Metamaterials are promising candidates for broadband light absorbers, but complex manufacturing procedures with expensive instruments have limited their practical applications. Herein, this work develops an all-solution-processed three-dimensional (3D) metamaterial—based on a gold nanocage (GNC)/silk fibroin (SF) nanocomposite thin film—that achieves near-unity (>94%) and broadband (350–2000 nm) light absorption. At a low particle density, the film exhibits a typical signal for localized surface plasmon resonance (LSPR) absorption at 856 nm, originating from its hollow geometrical shape of GNCs. In contrast, at high particle densities the films display ultrahigh broadband absorption, even in the non-LSPR regions. This work attributes this behavior to the highly dense GNCs dispersed uniformly in the SF matrix acting optically as extremely fragmented metallic films, thereby retaining the highly absorptive nature of the metal while strongly suppressing its highly reflective properties. Moreover, the metamaterial absorber displays a desirable broadband-light-induced photothermal effect when illuminated with a halogen lamp. Finally, investigations into the photothermal electronic properties of this metamaterial combined with an Al/Si Schottky diode reveal an excellent photoresponse and photostability. The as-designed systems can function at telecommunication wavelengths longer than the typical operation wavelengths of Si-based devices. Such 3D metamaterial absorbers can be efficient platforms for various photothermal applications.

• S. H. Tsao#, A. Y. Sun#, Y. C. Lee#, C. W. Hwang, K. T. Lin, Y. S. Lai, L. C. Yang, H. L. Chen*, D. Wan*, Laser & Photonics Reviews (2023) 17, 2300315.
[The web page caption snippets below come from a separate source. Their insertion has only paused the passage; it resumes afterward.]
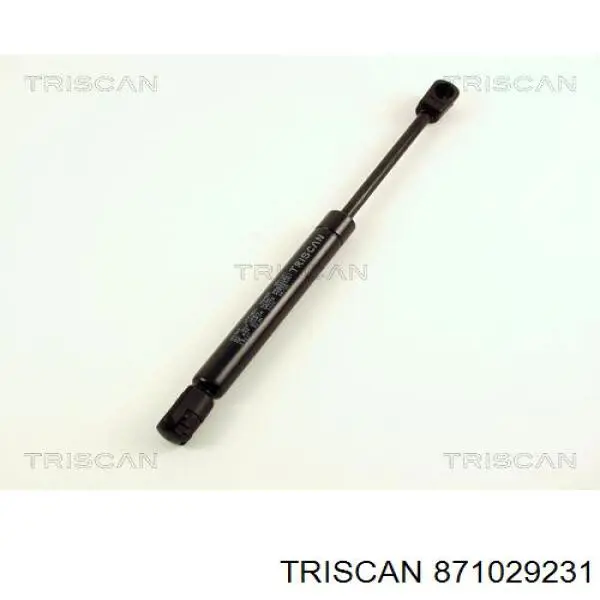 Амортизатор багажника 871029231 Triscan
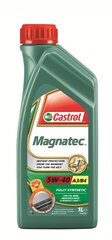 Castrol Magnatec 5W-40 A3/B4 моторное масло, 1 Л цена и информация | Моторные масла | kaup24.ee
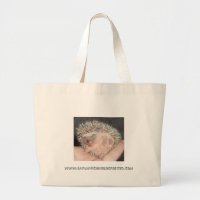 La bolsa de asas del erizo del bebé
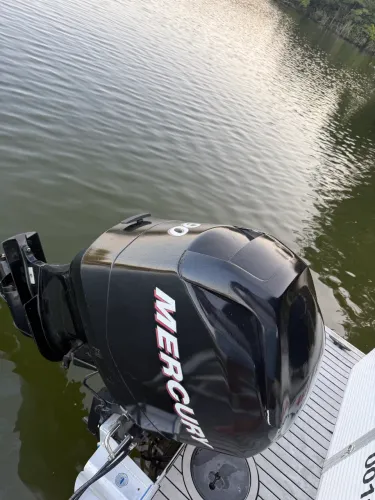 Motor mercury 90 hp 4 tempos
Optical Inspection of 2D Materials: From Mechanical Exfoliation to Wafer-Scale Growth and Beyond

Optical inspection is a rapid and non-destructive method for characterizing the properties of two-dimensional (2D) materials. With the aid of optical inspection, in situ and scalable monitoring of the properties of 2D materials can be implemented industrially to advance the development and progress of 2D material-based devices toward mass production. This review discusses the optical inspection techniques that are available to characterize various 2D materials, including graphene, transition metal dichalcogenides (TMDCs), hexagonal boron nitride (h-BN), group-III monochalcogenides, black phosphorus (BP), and group-IV monochalcogenides. First, the authors provide an introduction to these 2D materials and the processes commonly used for their fabrication. Then they review several of the important structural properties of 2D materials, and discuss how to characterize them using appropriate optical inspection tools. The authors also describe the challenges and opportunities faced when applying optical inspection to recently developed 2D materials, from mechanically exfoliated to wafer-scale-grown 2D materials. Most importantly, the authors summarize the techniques available for largely and precisely enhancing the optical signals from 2D materials. This comprehensive review of the current status and perspective of future trends for optical inspection of the structural properties of 2D materials will facilitate the development of next-generation 2D material-based devices.

• Y. C. Lee, S. W. Chang, S. H. Chen, S. L. Chen, H. L. Chen, Advanced Science (2022) 9, 2102128.